Audemars Piguet’s Hairspring-Shaped Watch Museum

Audemars Piguet’s newly opened Musée Atelier is more “atelier” than the dark, dusty monument to the past conjured by the word “museum.” The structure is like the Louvre in the sense that it’s a symbol of modern architecture that holds artifacts from both the past and present. The integration of past and present is an obsession in the Swiss watch community, blending the legacy of its founders and the gizmos they invented more than a century ago with today’s modern luxury watches.
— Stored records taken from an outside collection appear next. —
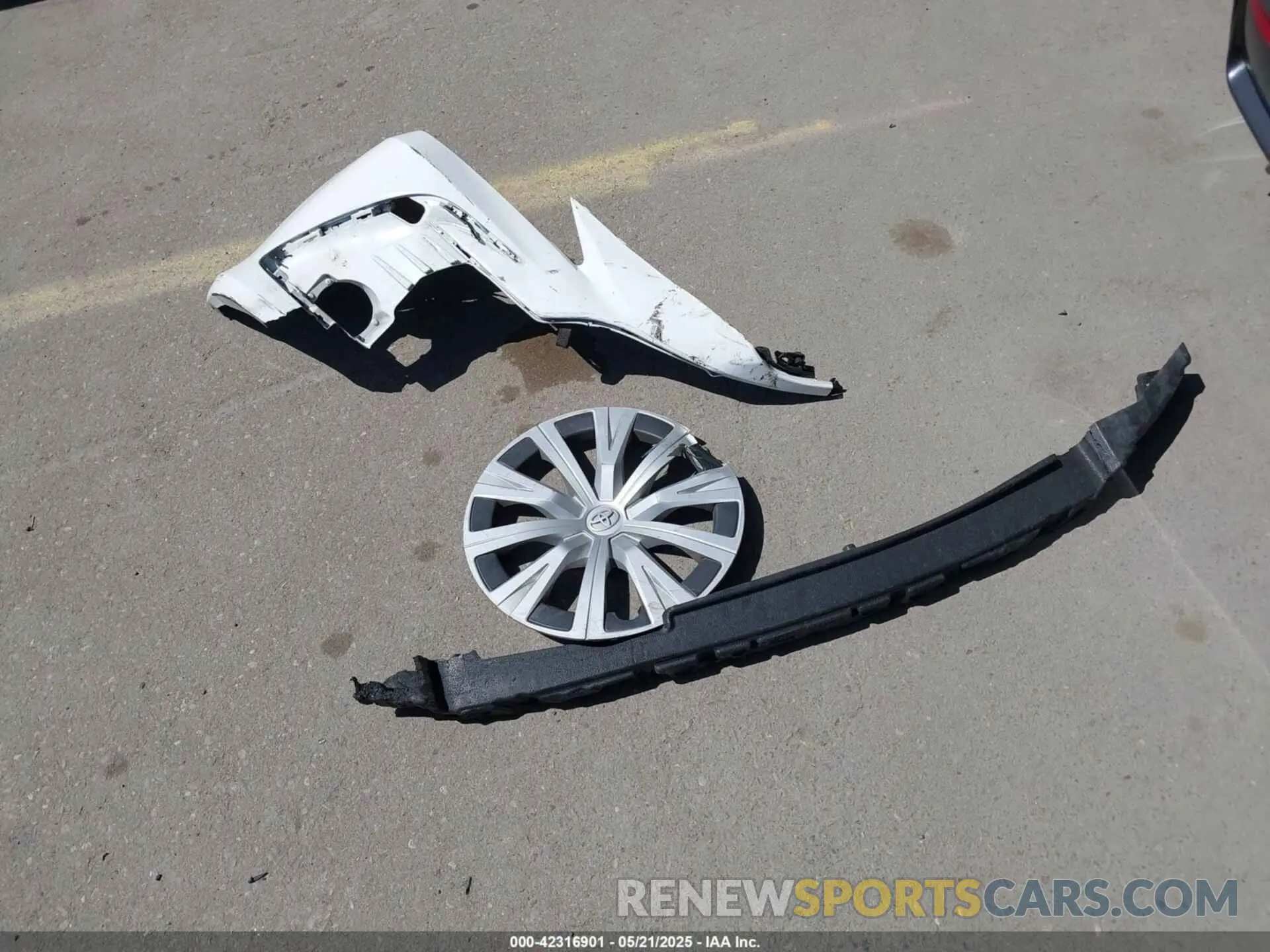 12 Photograph of a damaged car 4T1C31AK2MU024255 TOYOTA CAMRY 2021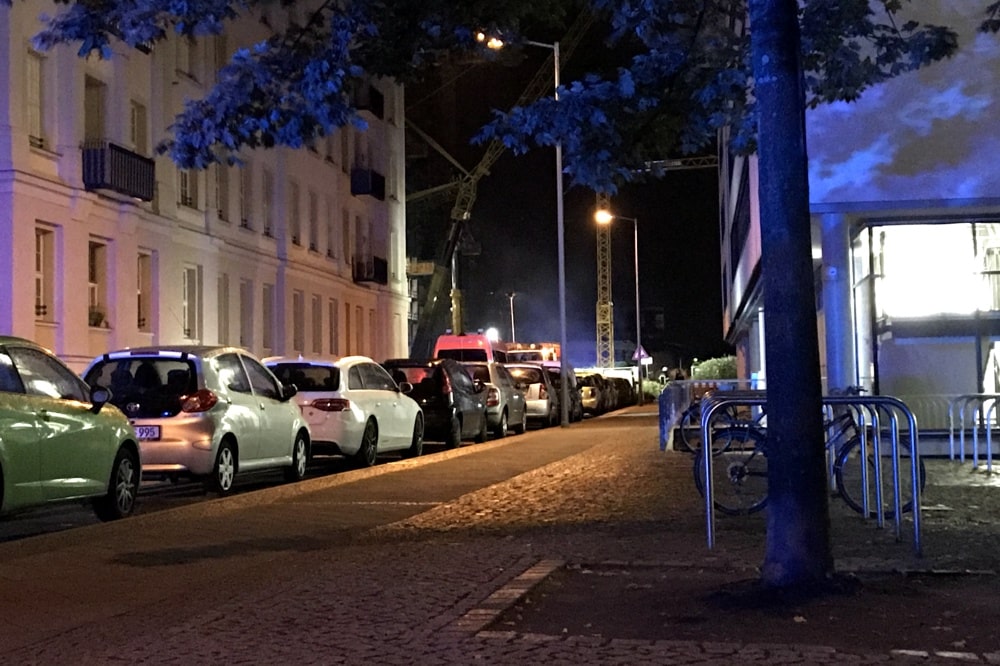 Unklare Brandursache beim ehem. technischen Rathaus an der Pragerstraße in der Nacht. Foto: L-IZ.de
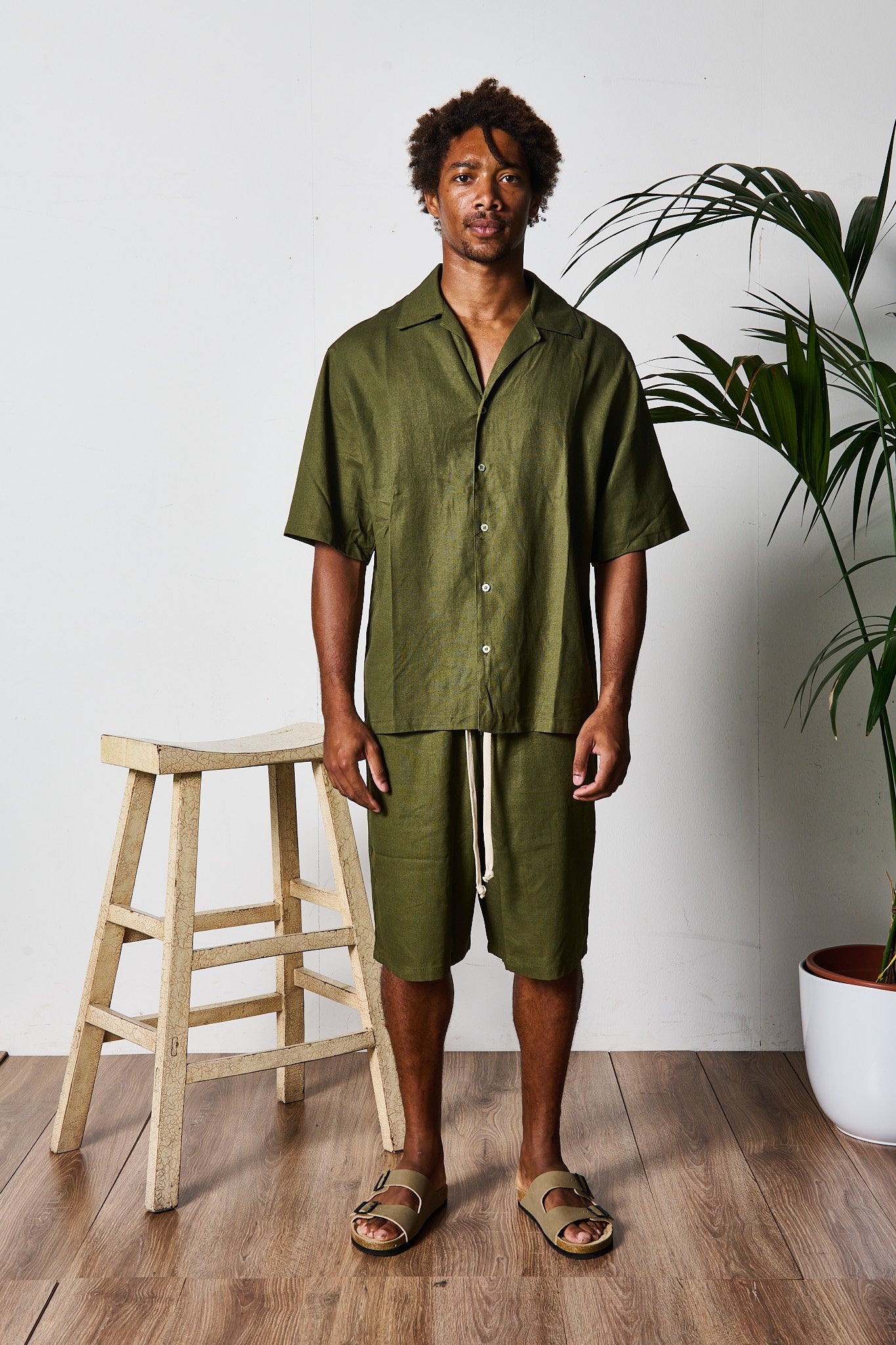 COMPLETO MISTO LINO BERMUDA VERDE MILITARE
The challenge is honouring the heritage without seeming stuck in the past.

Audemars Piguet blends old and new by literally carving the new building into the ancient rolling landscape outside its manufacture in the village of Le Brassus in Switzerland’s Vallée de Joux. The brand hired Copenhagen-based BIG (Bjarke Ingels Group) and Swiss architecture firm CCHE to erect a contemporary glass-walled pavilion in a spiral shape that rises out of the ground like a giant hairspring, the beating heart of a mechanical watch movement. The 25,000-square-metre space incorporates 108 glass panels and a 470-ton steel roof that is covered with soil and grass. From above, it looks like a giant snail-shaped hedge in a space that, ironically, was originally a garden. Brass mesh runs along the external surface to regulate light and temperature, and the green roof helps control temperature and absorb water.

 

 

Inside, the brand exhibits some 300 pieces that represent not just its own inventions—many of the pieces were made by founders Jules Louis Audemars and Edward August Piguet—but also important watches by some of the other heritage brands that, collectively, invented Swiss watchmaking. Present and future are honoured as much as the past: five glass cases are dedicated to the company’s flagship model, the Royal Oak, including the original 1972 piece and the Royal Oak Offshore T3 made in collaboration with Arnold Schwarzenegger for Terminator 3, as well as modern masterpieces. In another deft blend of past and present, you can see the archival watch that inspired the newly released [Re]master01, the world’s first perpetual calendar with a leap year function (Audemars Piguet reference 5516).

 

 

The atelier section houses a workshop where watchmakers assemble the brand’s modern high-watchmaking pieces, including gem-set watches. Visitors can watch them at work through the glass but can’t enter the space. However, in another area, visitors are invited to try their hand at traditional watch-finishing techniques such as satin brushing and circular graining. Fittingly, the Musée Atelier will also be used as an art gallery for special exhibits, including commissioned pieces from artists who are “friends of the brand.”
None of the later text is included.